-- PROVIDED DATA --
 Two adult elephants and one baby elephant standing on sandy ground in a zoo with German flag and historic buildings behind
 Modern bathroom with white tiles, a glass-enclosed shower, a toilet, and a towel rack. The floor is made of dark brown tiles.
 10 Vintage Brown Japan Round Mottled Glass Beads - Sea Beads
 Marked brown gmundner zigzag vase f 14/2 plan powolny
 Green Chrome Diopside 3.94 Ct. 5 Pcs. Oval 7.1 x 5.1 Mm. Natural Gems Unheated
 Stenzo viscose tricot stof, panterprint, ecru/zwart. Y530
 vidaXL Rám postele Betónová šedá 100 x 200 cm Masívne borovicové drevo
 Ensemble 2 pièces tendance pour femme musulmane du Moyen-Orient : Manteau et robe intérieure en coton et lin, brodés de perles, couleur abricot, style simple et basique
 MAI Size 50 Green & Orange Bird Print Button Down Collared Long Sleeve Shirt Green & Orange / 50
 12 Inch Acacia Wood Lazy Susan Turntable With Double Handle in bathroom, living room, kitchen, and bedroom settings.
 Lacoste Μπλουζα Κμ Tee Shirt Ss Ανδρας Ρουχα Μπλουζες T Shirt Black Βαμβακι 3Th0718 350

-- WHAT THIS TASK INVOLVES --
Display each line of the data where "Green" occurs.

-- TASK RESPONSE --
 Green Chrome Diopside 3.94 Ct. 5 Pcs. Oval 7.1 x 5.1 Mm. Natural Gems Unheated
 MAI Size 50 Green & Orange Bird Print Button Down Collared Long Sleeve Shirt Green & Orange / 50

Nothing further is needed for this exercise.